Serverpod is a different philosophy entirely.
Where Shelf gives you primitives, Serverpod gives you a complete system. You define your models in YAML, run a generator, and get fully typed database classes, serialization, and client-side code produced automatically.
For Flutter engineers, this feels immediately familiar. It's the same kind of productivity you get from the Flutter toolchain itself, applied to the backend.
In this article, we're going to build a User and Profile Management REST API from scratch using Serverpod. You'll learn how Serverpod's code generation, built-in ORM, and endpoint system work, and you'll have a fully deployed backend by the end.
Table of Contents
Prerequisites
Before starting, you should have:
Familiarity with Dart and Flutter development
Understanding of REST API concepts, endpoints, HTTP methods, status codes
Docker Desktop installed and running
Flutter SDK installed (Serverpod requires it even for server-only projects)
A Fly.io account or a Serverpod Cloud account for deployment
How Serverpod Differs from Shelf
Before writing a single line of code, it's worth understanding the fundamental difference in philosophy between Shelf and Serverpod.

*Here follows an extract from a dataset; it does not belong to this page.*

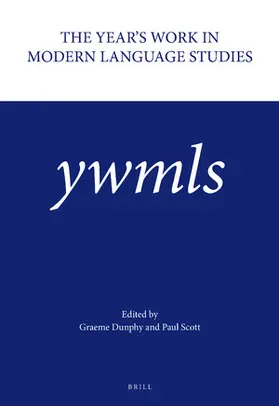 The Year's Work in Modern Language Studies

This will make every design decision in the framework feel deliberate rather than arbitrary.
With Shelf, you write everything. Request parsing, response formatting, database queries, migrations, auth, and logging. Every piece is explicit code that you understand because you wrote it.
With Serverpod, you define things and the framework writes code for you. You define a model in YAML, run serverpod generate, and get a full Dart class with database bindings, serialization, and client-side access automatically. You define an endpoint method, and the framework handles routing, parameter extraction, and response formatting.
This is the same trade-off Flutter makes compared to building with raw platform APIs. Flutter writes the layout engine, the rendering pipeline, and the gesture system for you. You focus on your product logic. Serverpod makes the same bet on the backend.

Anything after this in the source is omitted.